BBSRC-NSF/BIO Expanding the fold library in the twilight zone to facilitate structure determination of macromolecular machines

Lead Research Organisation: University College London
Department Name: Structural Molecular Biology

Abstract

Abstracts are not currently available in GtR for all funded research. This is normally because the abstract was not required at the time of proposal submission, but may be because it included sensitive information such as personal details.

Technical Summary

We will significantly expand structural coverage of sequence space by applying a powerful method, Rosetta, to predict structures of novel folds or very remote homologues to known folds. Recent developments, detecting co-evolving, contacting residues, exploit vast sequence data and have revolutionised structural biology. The method is also valuable for macromolecular assembly by predicting co-varying residues forming interfaces.

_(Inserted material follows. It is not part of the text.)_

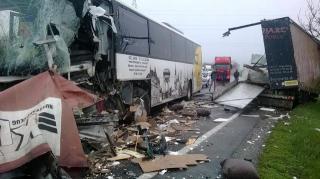 Accident spectaculos în apropiere de Saschiz. În ciuda impactului teribil, victimele au suferit doar răni uşoare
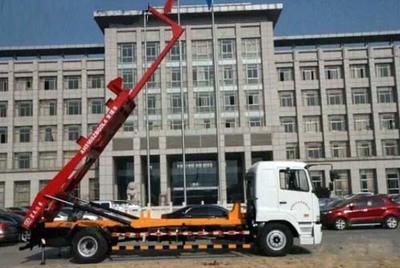 華菱星馬吊臂式背罐車 高效、安全、可靠的散裝物料運輸解決方案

The quality of Rosetta models will be improved by using multiple sequence alignments (MSAs) from FunFams, clusters of structurally coherent relatives. FunFams will be vastly expanded with metagenome sequences, to increase sequence diversity giving deeper, more informative MSAs. The Baker group established a vast library of metagenome sequences from collaborations with Joint Genome Initiative (14522 metagenome sets) and include 27 algal, 92 plant, 772 fungal, 142 worm, 48 bird, 93 insect, 370 eukaryotic genomes from Ensembl and 1915 curated fungal genomes, giving a total of 9 billion sequences. Fast protocols to generate coarse clusters will cope with this vast data by exploiting k-mer hashing, followed by HMM-HMM protocols. Subsequently, the FunFamer algorithm will identify structurally coherent FunFams in each coarse cluster. This exploits HHpred for HMM-HMM comparison, groupsim for SDP detection and generates multiple sequence alignments using MAFFT.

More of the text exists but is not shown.